The show features work by other prominent photographers of the day, including Julia Margaret Cameron, Gustave Le Gray, Charles Marville and Lewis Carroll, better known as author of “Alice’s Adventures in Wonderland.” Their explorations with the medium span landscapes, the built environment, war, travel and art.

“The Eye of the Sun” also reflects on portraiture, both private and public — one of the most common uses of early cameras. Images on display include 1852’s “Queen Victoria and Children,” by William Edward Kilburn, in which the British monarch turned her face away from the camera, having apparently been displeased with a portrait taken days earlier. The queen “would go on to use photography to market herself, as a monarch for modern times,” Waggoner said.

Early cameras became publicly available just a few years into Victoria’s reign, and she became one of the first public figures to embrace the medium. She encouraged photographers to share her life with her subjects — and the pictures depicted not just a powerful ruler, but also a mother, wife and, eventually, a widow.

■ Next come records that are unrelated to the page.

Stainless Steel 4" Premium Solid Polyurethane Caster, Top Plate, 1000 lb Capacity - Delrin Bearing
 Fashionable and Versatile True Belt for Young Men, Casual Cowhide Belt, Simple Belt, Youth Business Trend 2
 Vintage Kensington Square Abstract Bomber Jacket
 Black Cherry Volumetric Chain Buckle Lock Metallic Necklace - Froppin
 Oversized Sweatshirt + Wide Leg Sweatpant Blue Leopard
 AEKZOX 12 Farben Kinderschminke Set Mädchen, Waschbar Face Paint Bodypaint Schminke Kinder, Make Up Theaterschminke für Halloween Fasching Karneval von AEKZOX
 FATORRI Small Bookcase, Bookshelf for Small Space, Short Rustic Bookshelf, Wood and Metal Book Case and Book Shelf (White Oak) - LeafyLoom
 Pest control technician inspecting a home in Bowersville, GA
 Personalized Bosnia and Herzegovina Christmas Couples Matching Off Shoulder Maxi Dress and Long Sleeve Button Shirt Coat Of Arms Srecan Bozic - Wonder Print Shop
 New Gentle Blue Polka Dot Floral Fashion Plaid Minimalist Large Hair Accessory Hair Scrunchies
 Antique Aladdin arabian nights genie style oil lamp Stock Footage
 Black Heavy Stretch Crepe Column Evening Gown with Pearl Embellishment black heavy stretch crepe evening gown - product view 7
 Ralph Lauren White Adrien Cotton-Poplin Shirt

Elsewhere, there’s a range of war photography on display, with the American Civil War becoming one of the first conflicts to be documented by camera. “Some of the photos of the dead at Gettysburg and Antietam had a profound impact because it was the first time people were (witnessing) the war, and seeing how devastating it was,” Waggoner said. “We see the same impulse with photojournalism at the end of the 20th century and today.”

The exhibition also illustrates how Civil War-era imagery influenced calls to abolish slavery. A photograph called “The Scourged Back,” taken around 1863 and attributed to a duo known as McPherson & Oliver, depicts a man bearing raised scars from whippings he’d received as a slave. The image was circulated by abolitionists to show the brutal treatment of the enslaved, and to enlist support for their cause.

This “powerful but harrowing” image also needs to be considered in its historical context, said Waggoner: “It’s a witness to the horrific conditions of slavery, but it also raises issues of consent, exploitation and audience. We don’t know whether the subject — given different names in different accounts — willingly sat for the photograph or not.”

Waggoner made a conscious effort to include works by pioneering female photographers. Among then is Mary Dillwyn’s 1854 image “The Picnic Party,” which captures an intimate group of friends in a spontaneous moment. More than 150 years after it was taken, there remains something recognizable about the scene.

“Photography is both completely different in the 19th century,” Waggoner said, “and also completely familiar.”

The Eye of the Sun: Nineteenth-Century Photographs from the National Gallery of Art” is on display at the gallery in Washington, D.C., until Dec. 1, 2019.